A tool-agnostic remediation prompt that takes a single finding from an OWASP Top 10 (2026) audit — or any equivalent source — and turns it into a reviewer-ready pull request. Includes category-specific “how to fix this well” guidance so the agent doesn’t apply a naive patch that looks right and isn’t.

Works with the hunt side at OWASP Top 10 (2026) — audit, but does not require it — any clear finding (SAST result, pen-test note, internal review comment) is a valid input.

What this prompt does

  1. Reproduces the finding — confirms the weakness exists on the specified file and lines.
  2. Plans a fix using the category-appropriate pattern.
  3. Applies the fix on a new branch with small, reviewable commits.
  4. Adds tests that would have caught the original weakness.
  5. Opens a PR with blast-radius notes, before/after snippets, and a link back to the finding.
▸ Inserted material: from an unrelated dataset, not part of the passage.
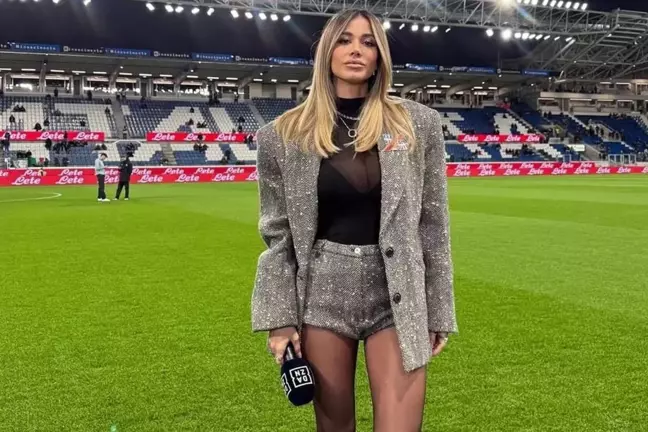 Karius'un eşi mini elbisesiyle ortalığı yangın yerine çevirdi! Eski futbolcunun eşi çıldırdı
If the fix is out of scope for a safe agent change — needs a data migration, API contract change, or cross-repo coordination — the agent writes a triage note and stops.

When to use it

  • You have a specific finding with a file + category + fix direction.
  • The fix is a code change in the repo the agent has access to.
  • A human will review the PR before merge.

Don’t use it for:

  • Runtime-only fixes (WAF rules, IAM policies in a separate repo).
  • Findings that require behavioural changes in a downstream consumer.
  • Anything labelled “critical, exploit in the wild” — go straight to your incident playbook.

Inputs

Infer what you can from the session; prompt only when ambiguous.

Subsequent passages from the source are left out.